Problem description
Without the pictures, give the records again exactly as they appear.
── Given records
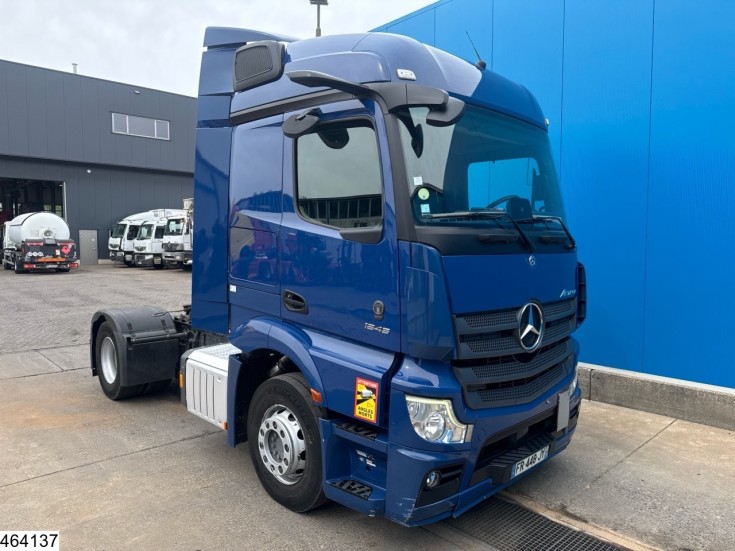 Mercedes Actros 1845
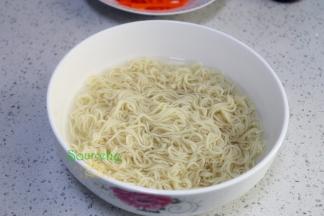 煮熟的面条捞出，快速过冷水，如何捞出沥干水，装入盘子。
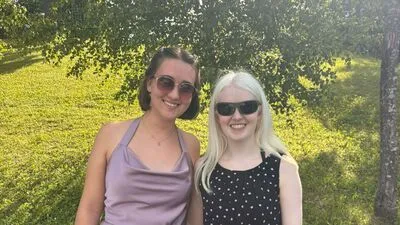 Das Bild zeigt Noa Achleitner und Johanna Unterberger 
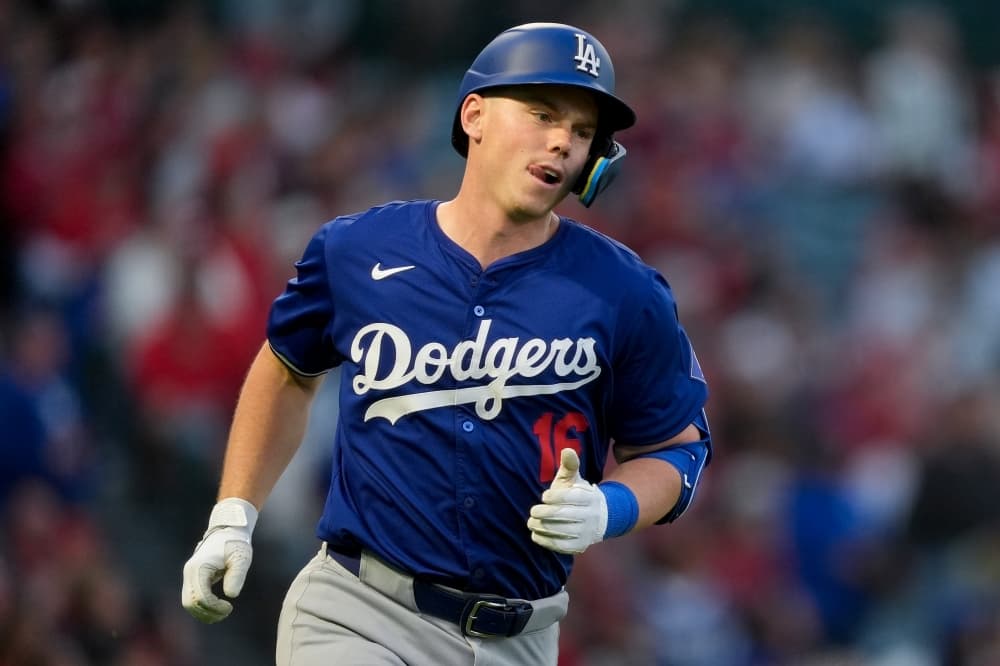 Dodgers deferred payroll total rises to $915.5M after adding $50M more in catcher Will Smith’s deal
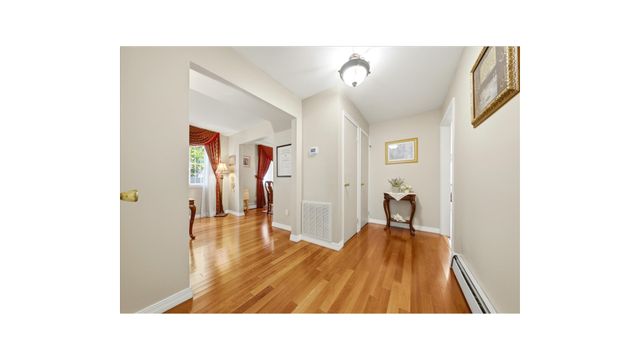 2410 LODOVICK Avenue, New York City, NY 10469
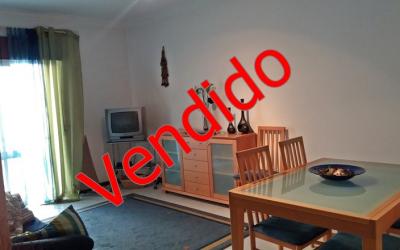 Apartamento T2 mobilado. Perto de comércio e escolas. A 3 minutos da estação CPApartamento T2 com boas áreas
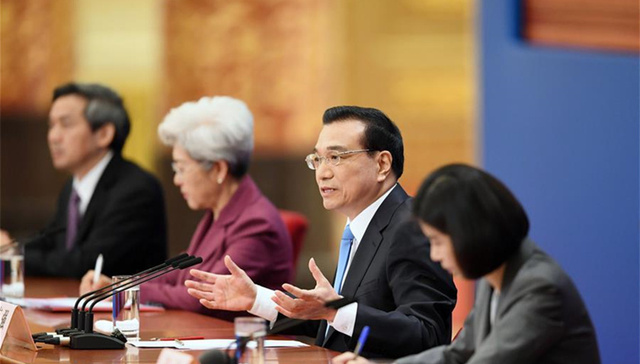 李克强谈朝鲜半岛局势：谁也不愿意自己的家门闹个不停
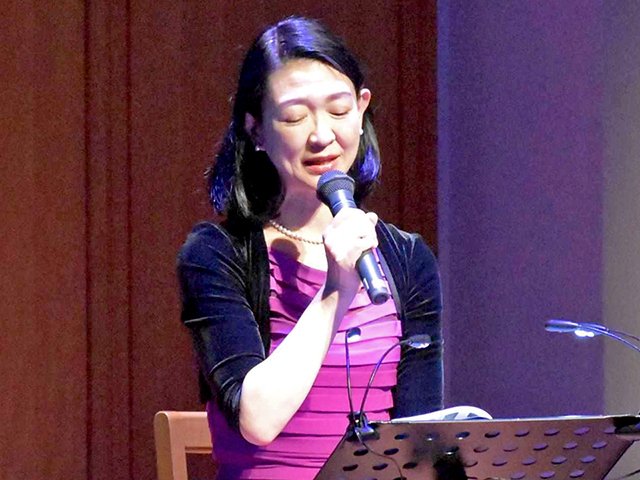 情感豊かに「さがりばな」を朗読する紺野美沙子さん＝岐阜市宇佐、県図書館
────
Completed task
 Mercedes Actros 1845
 煮熟的面条捞出，快速过冷水，如何捞出沥干水，装入盘子。
 Das Bild zeigt Noa Achleitner und Johanna Unterberger 
 Dodgers deferred payroll total rises to $915.5M after adding $50M more in catcher Will Smith’s deal
 2410 LODOVICK Avenue, New York City, NY 10469
 Apartamento T2 mobilado. Perto de comércio e escolas. A 3 minutos da estação CPApartamento T2 com boas áreas
 李克强谈朝鲜半岛局势：谁也不愿意自己的家门闹个不停
 情感豊かに「さがりばな」を朗読する紺野美沙子さん＝岐阜市宇佐、県図書館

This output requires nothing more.